GAP VETERAN DEROSA TO BECOME PRESIDENT OF ANN TAYLOR DEC. 9

Byline: David Moin

NEW YORK — Patricia DeRosa, a veteran of Gap and a builder of new businesses, will become president and chief operating officer of Ann Taylor Stores Corp. on Dec. 9.
Since August 1995, she has been executive vice president of Charming Shoppes, where she launched the International Exchange division for moderate men’s, women’s and children’s apparel. Currently, Exchange has just one store, a 13,900-square-foot unit located north of Trenton, N.J. It’s considered a test for future stores and has been compared to Gap’s Old Navy concept.

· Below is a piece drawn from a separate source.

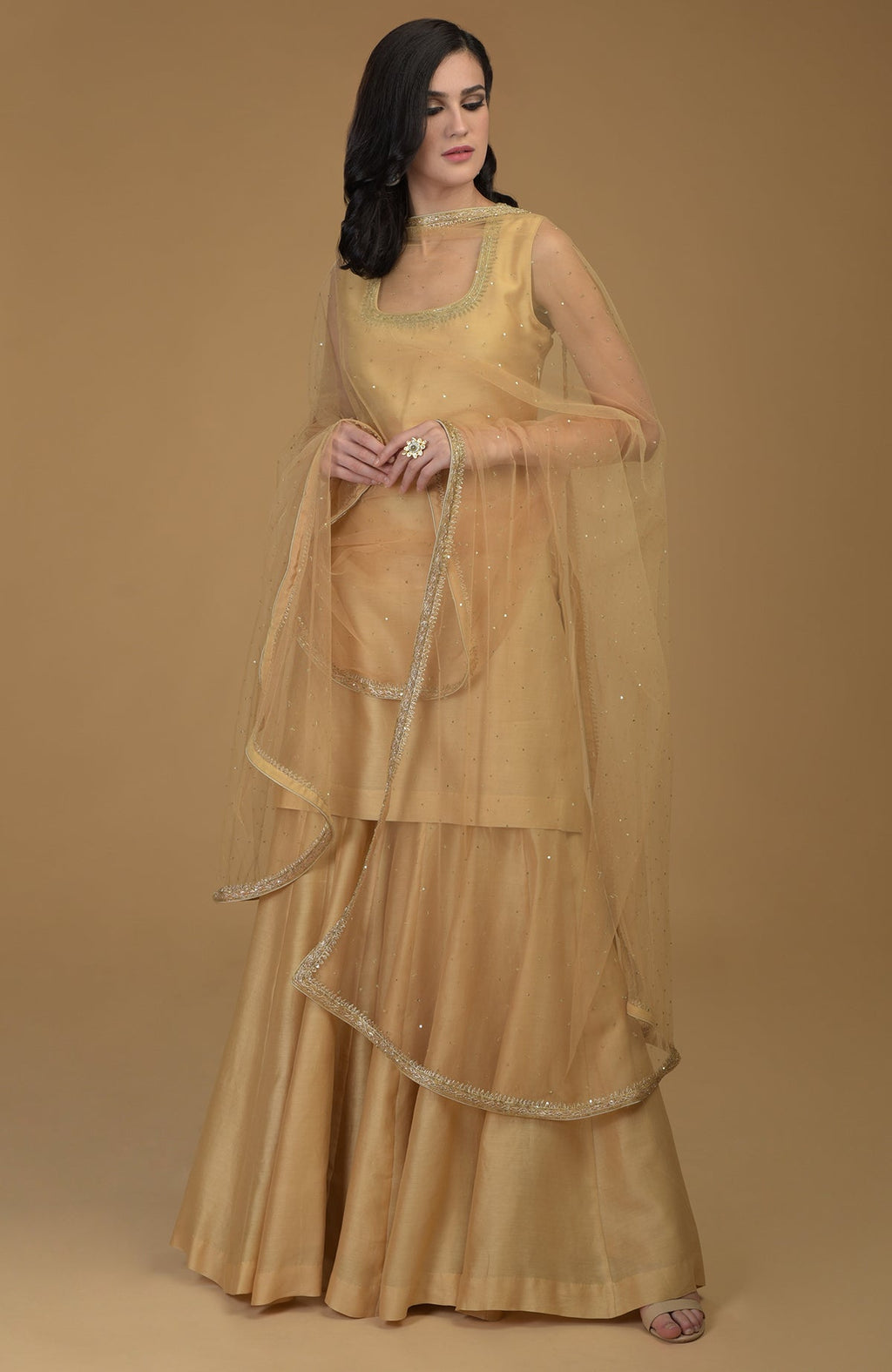 A woman models a nude gold zardozi hand-embroidered gharara suit with a sheer dupatta.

Before that, DeRosa had a long run at Gap. “She was one of Mickey’s kids,” said a source, referring to the team under Millard Drexler, Gap’s chief executive officer and top merchant, who is largely credited for Gap’s phenomenal success in wardrobing America in casual clothes and adeptly reinventing itself over the last two decades.
DeRosa joined Gap in 1975 as a sales associate and rose through the ranks as a merchant. Among her top jobs, she was senior vice president of men’s for the Gap division from 1989 to 1991, Gap division executive vice president (the top slot at the time) from 1991 to 1993 and president of GapKids from 1993 to 1995, where she was charged with expanding the business from 275 to 350 stores. She was also instrumental in launching Gap shoes and Old Navy.
Announcing DeRosa’s appointment, Ann Taylor chairman and ceo J. Patrick Spainhour said in a statement Monday, “From her long and successful experience at the Gap and GapKids, Patti understands how to build a brand and how to manage a vertically integrated design, merchandising and sourcing organization.” DeRosa reports to Spainhour, who oversees finance and operations.
At Ann Taylor, she succeeds Sally Frame Kasaks, who was ousted last summer, some think prematurely. Ironically, since her departure, Ann Taylor has performed well, and some of her remerchandising efforts paid off in the third quarter. In fact, the chain reported some of the strongest comparable-store sales of any major retailer in the period. For the quarter, Ann Taylor posted earnings per share of 21 cents, up from 3 cents in last year’s quarter. Sales rose 19 percent to $213 million. Same-store sales were up 12.6 percent, coming off an 11.3 percent drop the year before.
However, sources cited Ann Taylor’s roller-coaster performance over the longer term and the steady exodus of top executives from Kasaks’ team.
Market experts say Ann Taylor’s merchandise quality this fall is improved and there’s more of what the traditional Ann Taylor shopper wants to buy, in casual and career wear, outfits and basics that tend to be all a little different from other store offerings.
The chain has been under pressure to find a new president quickly because of the need to get started developing the fall 1997 assortments and bolster the stock price. Ann Taylor stock closed Monday at 21 1/8, up 1/2 on the New York Stock Exchange. The stock has traded as high as 24 1/4 and as low as 9 1/4 in the past 12 months.
Reportedly, about 70 names were drawn up early in the search, which lasted 2 1/2 months and was conducted by Hal Reiter, president of Herbert Mines Associates.
While many on Wall Street approved of DeRosa’s appointment, announced Monday, it still came as somewhat of a surprise. Her experience at Gap and Charming kept her relatively low-profile, working under the shadow of Drexler at Gap and Dorritt Bern, the Charming ceo. More often, it was the marquee names in retailing that were rumored to be candidates for the Ann Taylor post, among them Jeane Jackson, Banana Republic president, though Gap is known for keeping a tight grip on its executives.
“DeRosa was not on the original rumor list of expectations, but more recently her name was bandied about,” said Maura Hunter Byrne, J.P. Morgan Securities, retail analyst. “It probably had to do with the fact that Mr. Spainhour was the Gap’s senior vice president of sourcing from 1988 to 1993.” Spainhour and DeRosa worked together at Gap for five years.
Byrne said DeRosa has “an interesting background to keep Ann Taylor on track. She needs to add some bench strength to the merchandising team. They’ve lost some people over the past couple of years and primarily promoted from within. Her first order of business would be to assess the breadth and depth of the merchandise team.”
“She may have some different ideas on how to run the business, but Ann Taylor still is a very strong brand,” added Thomas Filandro, senior vice president, retail analyst, Gerard Klauer Mattison & Co. “It still commands very high loyalty. I think the real key is to maintain strict controls on quality and intensifying less-structured and more casual assortments.”
DeRosa said in a statement that the 311-unit Ann Taylor “can build on its successes and be even more successful in the future.”